Il ricorrente, in particolare, sosteneva come il collocamento della figlia presso di sé avrebbe dovuto comportare la corresponsione di un contributo al mantenimento da parte della madre nel rispetto del principio enunciato ai sensi dell’art. 337 ter, cod. civ. e l’assenza di un contributo a proprio carico per i mesi di permanenza della minore presso la donna. In particolare, il padre contestava la pronuncia della Corte d’Appello nella parte in cui disponeva che “quanto all’assegno di mantenimento, non risultando che la P. svolga attività lavorativa né abbia redditi, ed in considerazione degli oneri di viaggio da cui è gravata per fare visita alla figlia e portarla con sé in Lituania, l’importo indicato a carico del padre appare ragionevole e congruo”.

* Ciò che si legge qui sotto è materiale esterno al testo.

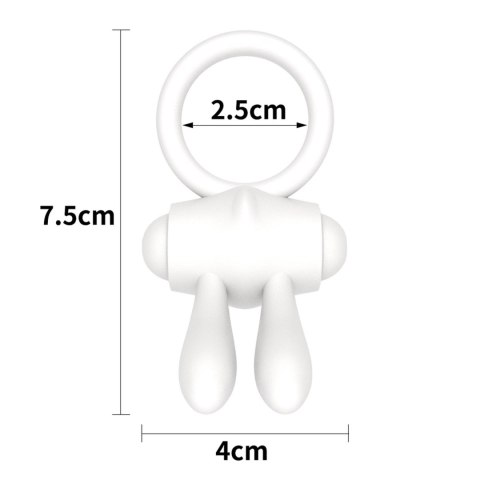 Lovetoy Power Clit Silicone Cockring White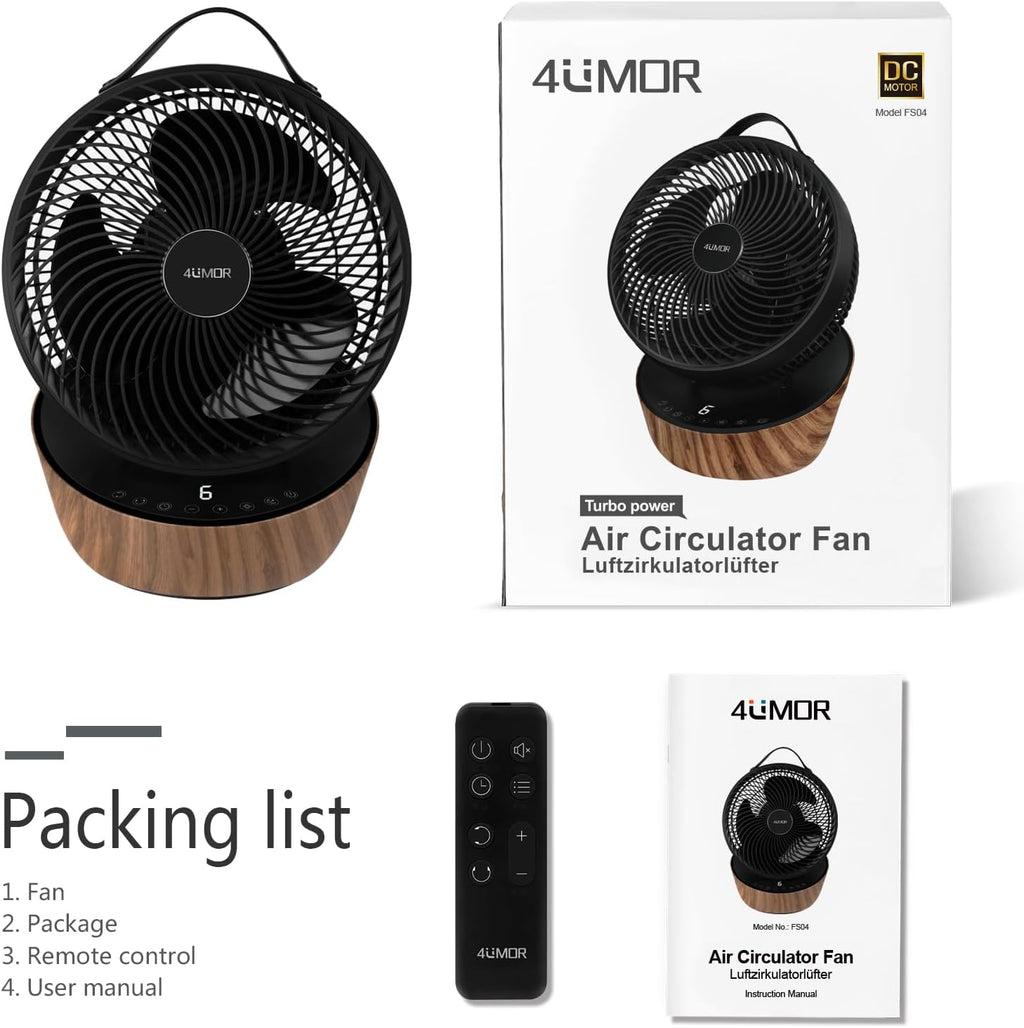 4UMOR Ventilateur Ultra Silencieux 20dB avec Télécommande 1823m³/h Moteur DC 12 Vitesses 8h Minuterie 3D Oscillation Turbo Ventilateur de Table Circulateur d'Air pour Bureau Chambre, Noir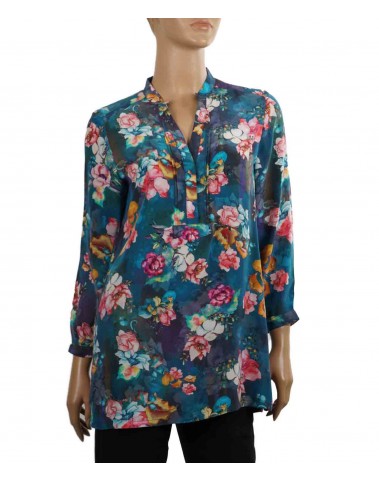 Long Silk Shirt - Peacock Blue Floral Print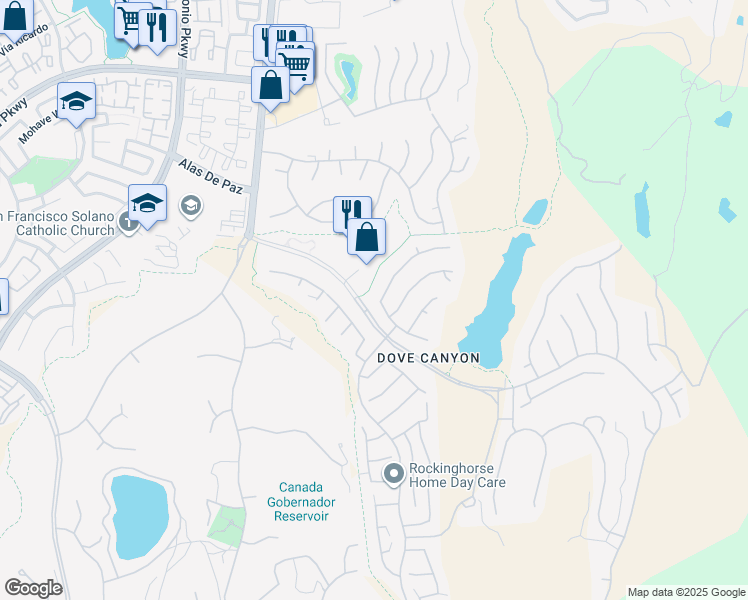 map of restaurants, bars, coffee shops, grocery stores, and more near 45 Muirfield in Rancho Santa Margarita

La Corte di Cassazione analizzando compiutamente il motivo del ricorso rilevava come a seguito della disgregazione del nucleo familiare fosse necessario e opportuno ristabilire in maniera proporzionale alle risorse genitoriali, la misura in cui gli stessi avrebbero dovuto contribuire al mantenimento dei figli sulla base di molteplici fattori.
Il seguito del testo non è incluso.